Thursday, January 1, 2009

UVa problem 10865: sample algorithm

To solve problem 10865 (Brownie Points), one can imagine the plane divided into 4 quadrants like in Figure 1.

Figure 1. Plane divided into 4 quadrants.

In Figure 1, Stan draws his vertical line while Ollie draws his horizontal line so that the two lines intersect to form the center point with coordinates (x0, y0).

The center point corresponds to the middle of the input sequence provided by the user. Please refer to Figure 2 for an illustration.

Figure 2. The middle point corresponds to the center point.

In Figure 2, x0 is equal to 1 and y0 is equal to -3.

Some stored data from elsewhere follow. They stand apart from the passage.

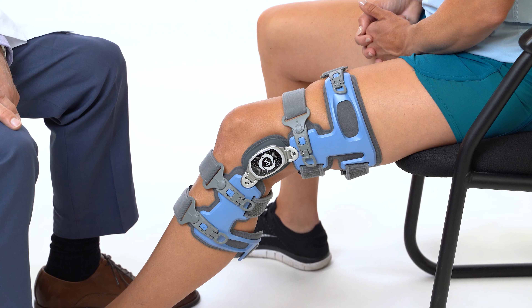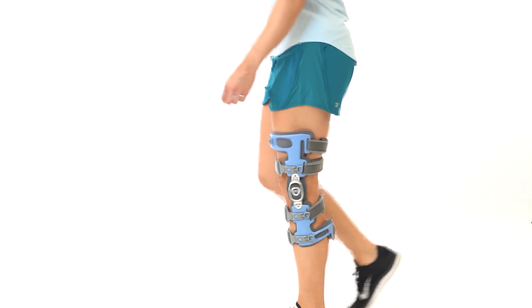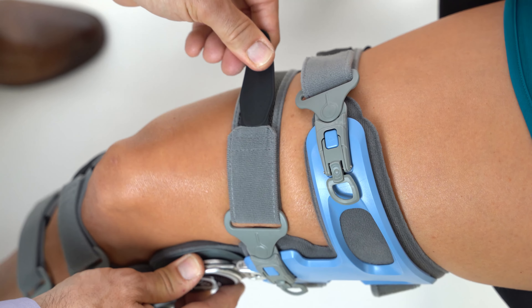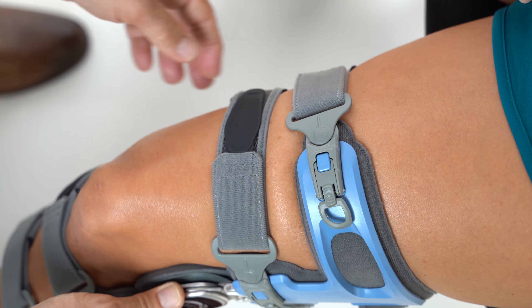Once the straps are secure, the center of the hinge should be aligned with the top of the kneecap and positioned slightly behind the midline of the leg. Walk a short distance to ensure proper fit — it is normal for the brace to drop or settle into position. Make strap and position adjustments as necessary. The straps are now set for proper fit and do not need readjustment for each application; the brace can be put on and taken off using just the buckles or push buttons.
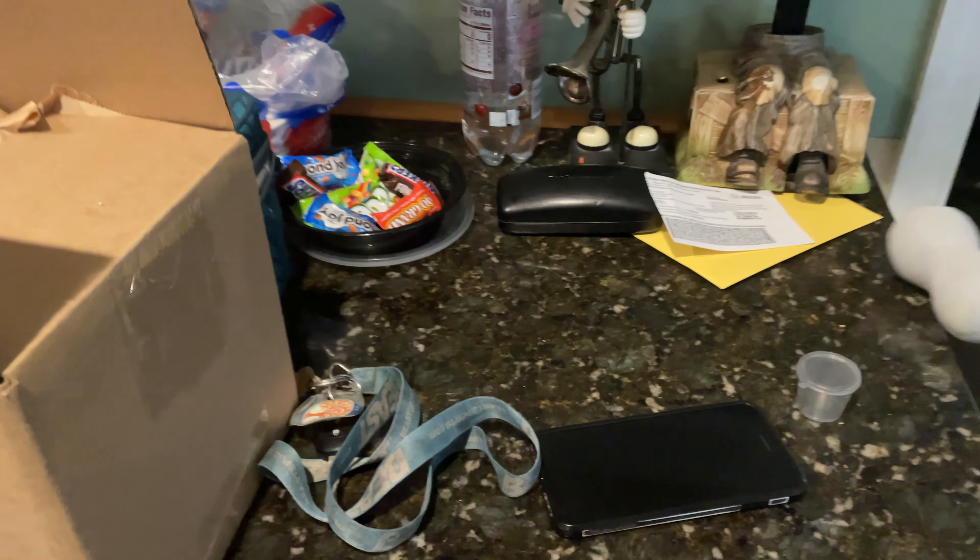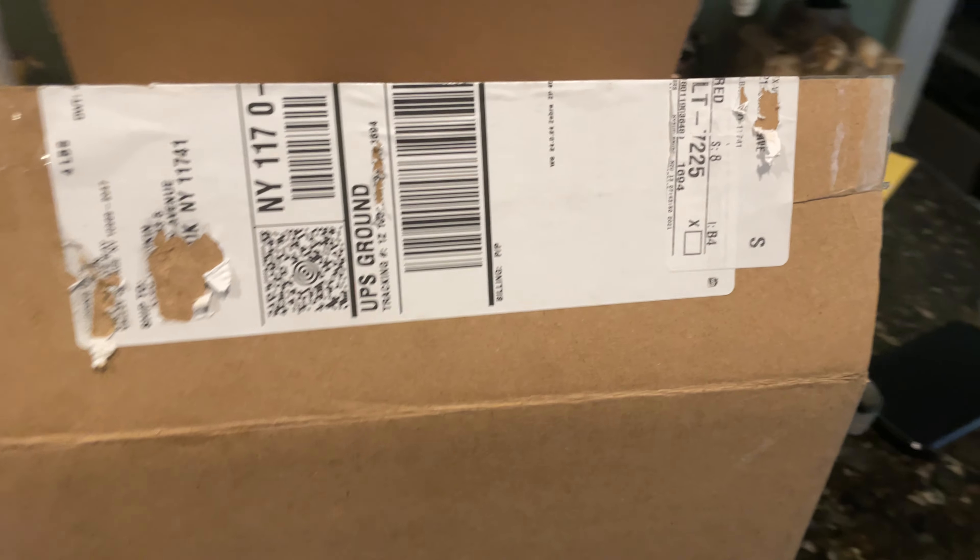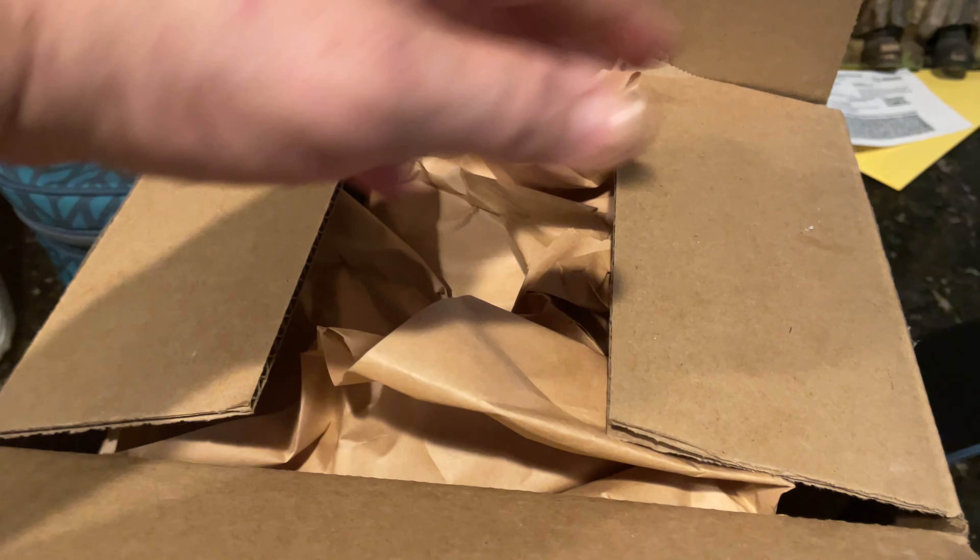Welcome to Alex's RC Garage, we've got another unboxing video here. Just a quick video — I was always looking to get some new rims for my truck. So without further ado, this is what I got. I already opened the box to make it easier since I'm doing one-hand recording.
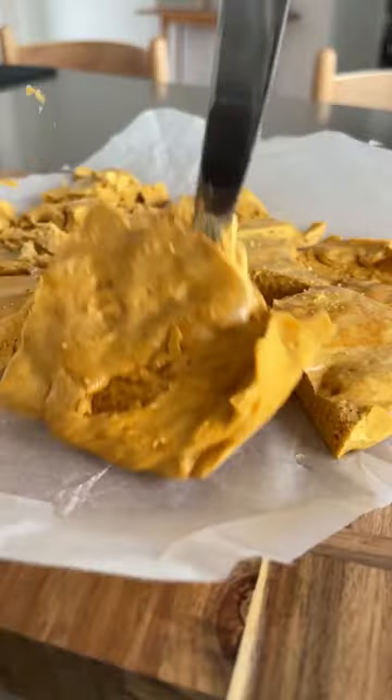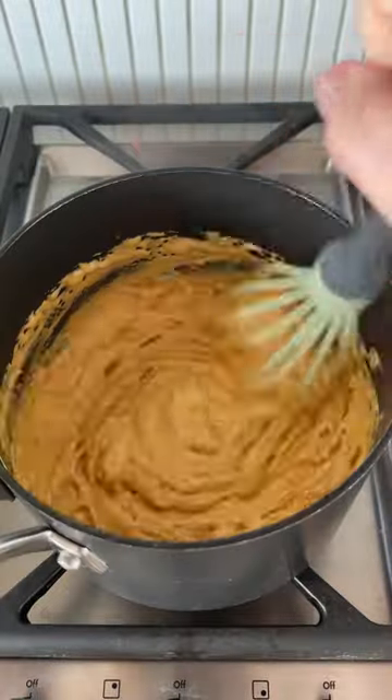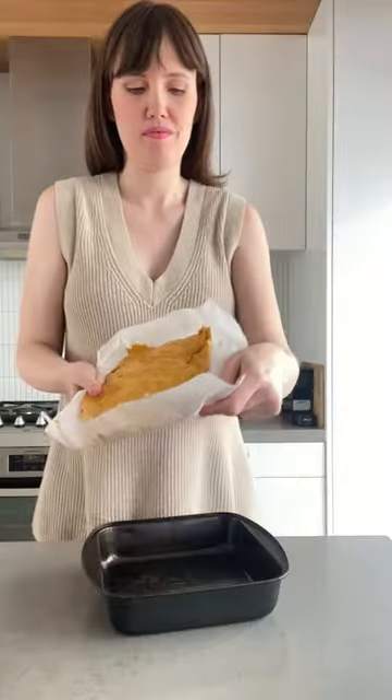If you want to impress your Christmas guests this year, make them a cute party favor of homemade honeycomb. To make it, you melt down golden syrup and caster sugar, add in bicarb soda, and that is when the magic happens.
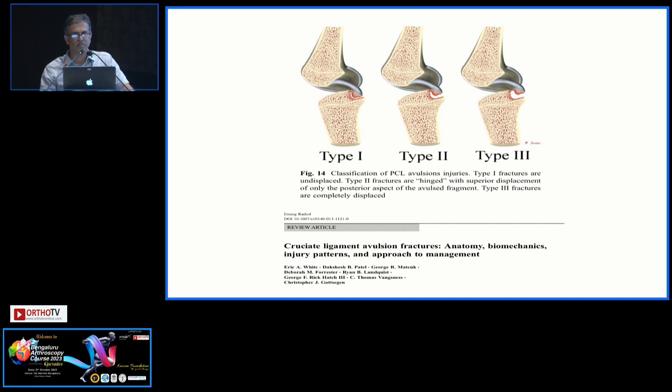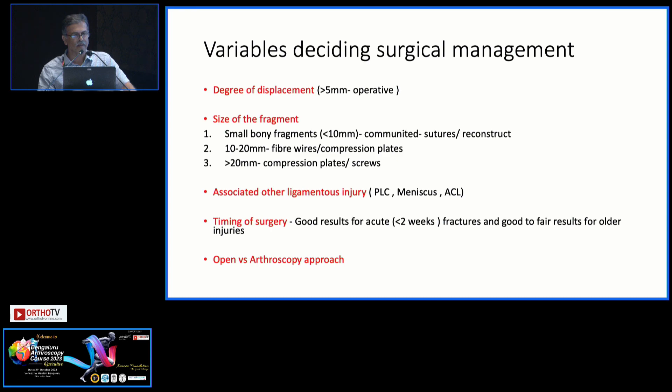This fixation technique that I am showing in the video can be applicable to type 2 and 3, or even sometimes type 1 also, if you want to avoid non-union and other things. There are variable deciding surgical points, and especially the size of the fragment is very important when fixing these avulsion fragments — it has to be 10 to 20 millimeters for the technique I am showing.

In Figure 1, the plane is divided into 4 quadrants: pp, pn, np and nn. The quadrant pp corresponds to that portion of the plain that is above and to the right of the center point. The quadrant pn corresponds to that which is below and to the right. The quadrant np corresponds to that which is above and to the left. The quadrant nn corresponds to that which is below and to the left.

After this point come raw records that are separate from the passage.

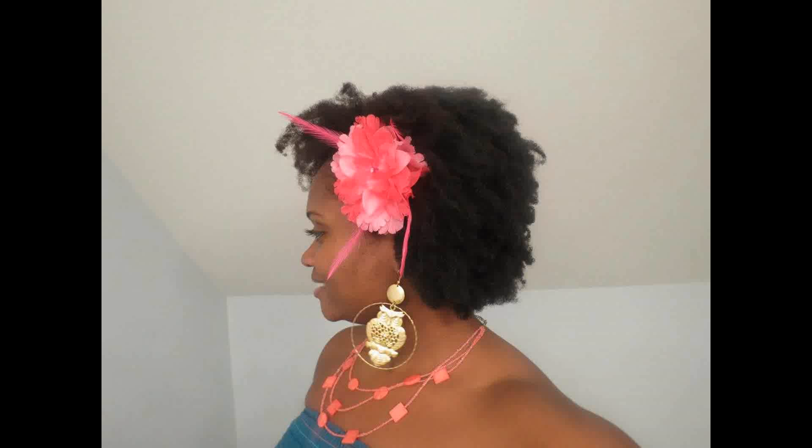The volumizing conditioner cannot be used alone as a wash and go — I've tried it and I'll insert a picture to show how my hair looked. It shrunk and turned into an afro; it didn't really define my hair. Then again, I have 4C type hair texture so I don't have curls anyway. It didn't leave my hair soft or manageable, and I wasn't able to detangle with it.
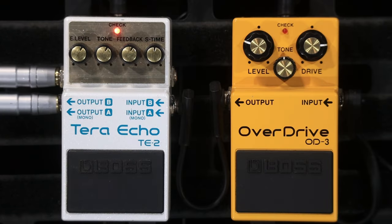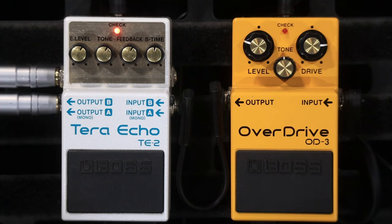This is the Boss TE-2 Terra Echo. I hope that was useful to you. This also comes in the ME90 and maybe the ME80 as well. I think it comes in one of the 200 series or the 500 series delay pedals as well. Is it an oddball? Yes, it is. Could you take it to a gig and use it for anything unless you're a synthesizer player?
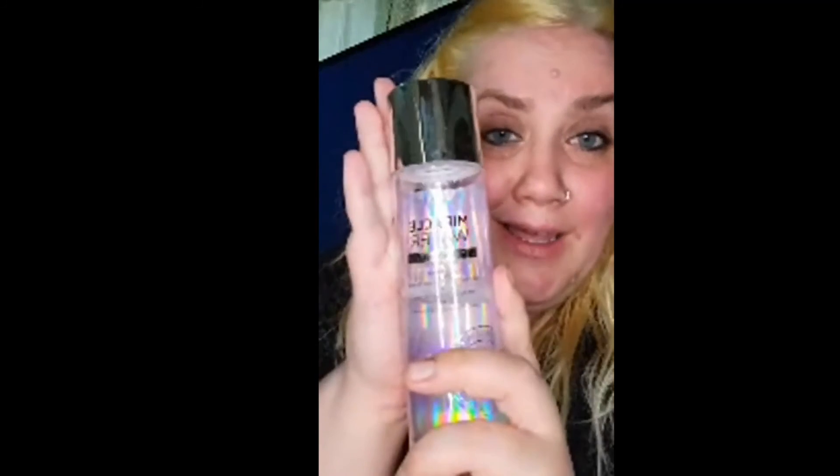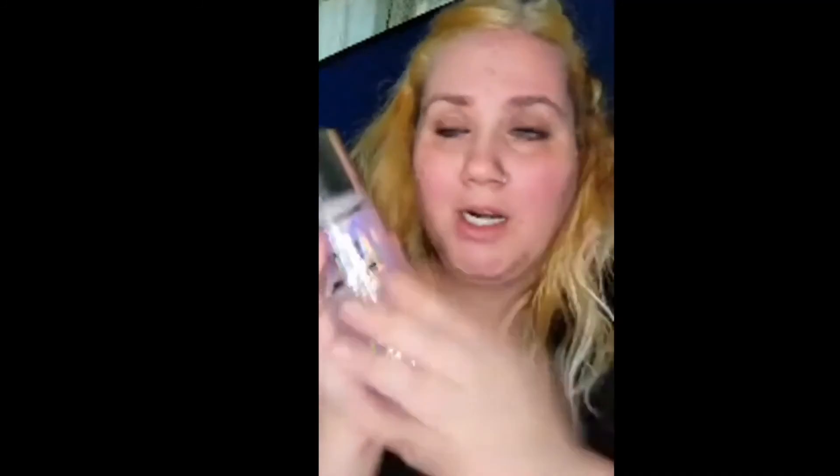So get yourself some beautiful IT Cosmetics Miracle Water. That should take off the rough jobs when it comes to your makeup. Peace Maranatha, guys. Love you.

So given a random point (x, y), we check to which quadrant it belongs to by comparing x against x0 and y against y0. For example, for the first point in Figure2 (3, 2), x > x0 since 3 > 1, and y > y0 since 2 > -3. As such the point (3, 2) is to the right and above the center point (1, -3). Hence it belongs to the quadrant pp.

For each point then, we determine the quadrant to which it belongs. Then we sum up the number of points belonging to each quadrant. Stan’s score is simply the number of points within pp and nn, while Ollie score is the number of points within pn and np.

Note also that if x is equal to x0, or if y is equal to y0, we do not accumulate the point into the total of any quadrant, as the problem states that crossed brownies do not count.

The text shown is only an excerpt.